WORK INSTRUCTIONS ::
Give again the lines of the data from its first line through the line with "ISDT D2 MarkⅡ Lipo充電器 放電器". Change nothing.
BEGIN
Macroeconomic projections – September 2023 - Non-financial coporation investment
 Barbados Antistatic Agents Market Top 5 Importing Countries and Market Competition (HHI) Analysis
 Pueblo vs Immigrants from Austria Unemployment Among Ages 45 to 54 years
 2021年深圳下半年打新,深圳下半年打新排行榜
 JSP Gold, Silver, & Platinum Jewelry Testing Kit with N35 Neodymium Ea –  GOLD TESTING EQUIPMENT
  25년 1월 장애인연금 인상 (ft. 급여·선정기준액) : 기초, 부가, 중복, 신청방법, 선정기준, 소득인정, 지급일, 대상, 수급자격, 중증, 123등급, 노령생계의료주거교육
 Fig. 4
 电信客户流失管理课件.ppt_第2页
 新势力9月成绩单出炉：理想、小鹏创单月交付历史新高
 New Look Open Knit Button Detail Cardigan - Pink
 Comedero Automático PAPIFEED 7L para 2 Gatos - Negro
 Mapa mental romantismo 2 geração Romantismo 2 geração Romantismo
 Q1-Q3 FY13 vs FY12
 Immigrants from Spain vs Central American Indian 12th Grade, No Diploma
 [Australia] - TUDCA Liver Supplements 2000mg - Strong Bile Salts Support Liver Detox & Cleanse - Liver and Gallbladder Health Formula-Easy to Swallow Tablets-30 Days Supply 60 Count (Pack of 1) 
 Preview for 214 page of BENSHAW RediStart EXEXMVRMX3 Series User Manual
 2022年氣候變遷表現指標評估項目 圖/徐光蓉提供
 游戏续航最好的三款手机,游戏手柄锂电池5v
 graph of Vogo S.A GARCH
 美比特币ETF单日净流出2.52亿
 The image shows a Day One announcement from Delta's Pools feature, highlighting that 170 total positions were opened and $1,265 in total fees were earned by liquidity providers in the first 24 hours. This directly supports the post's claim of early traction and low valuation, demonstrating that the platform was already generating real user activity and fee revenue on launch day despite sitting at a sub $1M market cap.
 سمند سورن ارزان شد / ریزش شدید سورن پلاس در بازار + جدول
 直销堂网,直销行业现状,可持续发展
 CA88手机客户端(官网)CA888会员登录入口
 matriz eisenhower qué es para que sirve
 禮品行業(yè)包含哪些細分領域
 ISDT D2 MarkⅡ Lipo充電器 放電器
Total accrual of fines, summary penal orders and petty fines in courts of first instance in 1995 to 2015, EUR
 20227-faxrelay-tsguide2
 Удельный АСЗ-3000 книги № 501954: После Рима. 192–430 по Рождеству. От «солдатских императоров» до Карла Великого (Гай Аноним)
END
WRITTEN SOLUTION ::
Macroeconomic projections – September 2023 - Non-financial coporation investment
 Barbados Antistatic Agents Market Top 5 Importing Countries and Market Competition (HHI) Analysis
 Pueblo vs Immigrants from Austria Unemployment Among Ages 45 to 54 years
 2021年深圳下半年打新,深圳下半年打新排行榜
 JSP Gold, Silver, & Platinum Jewelry Testing Kit with N35 Neodymium Ea –  GOLD TESTING EQUIPMENT
  25년 1월 장애인연금 인상 (ft. 급여·선정기준액) : 기초, 부가, 중복, 신청방법, 선정기준, 소득인정, 지급일, 대상, 수급자격, 중증, 123등급, 노령생계의료주거교육
 Fig. 4
 电信客户流失管理课件.ppt_第2页
 新势力9月成绩单出炉：理想、小鹏创单月交付历史新高
 New Look Open Knit Button Detail Cardigan - Pink
 Comedero Automático PAPIFEED 7L para 2 Gatos - Negro
 Mapa mental romantismo 2 geração Romantismo 2 geração Romantismo
 Q1-Q3 FY13 vs FY12
 Immigrants from Spain vs Central American Indian 12th Grade, No Diploma
 [Australia] - TUDCA Liver Supplements 2000mg - Strong Bile Salts Support Liver Detox & Cleanse - Liver and Gallbladder Health Formula-Easy to Swallow Tablets-30 Days Supply 60 Count (Pack of 1) 
 Preview for 214 page of BENSHAW RediStart EXEXMVRMX3 Series User Manual
 2022年氣候變遷表現指標評估項目 圖/徐光蓉提供
 游戏续航最好的三款手机,游戏手柄锂电池5v
 graph of Vogo S.A GARCH
 美比特币ETF单日净流出2.52亿
 The image shows a Day One announcement from Delta's Pools feature, highlighting that 170 total positions were opened and $1,265 in total fees were earned by liquidity providers in the first 24 hours. This directly supports the post's claim of early traction and low valuation, demonstrating that the platform was already generating real user activity and fee revenue on launch day despite sitting at a sub $1M market cap.
 سمند سورن ارزان شد / ریزش شدید سورن پلاس در بازار + جدول
 直销堂网,直销行业现状,可持续发展
 CA88手机客户端(官网)CA888会员登录入口
 matriz eisenhower qué es para que sirve
 禮品行業(yè)包含哪些細分領域
 ISDT D2 MarkⅡ Lipo充電器 放電器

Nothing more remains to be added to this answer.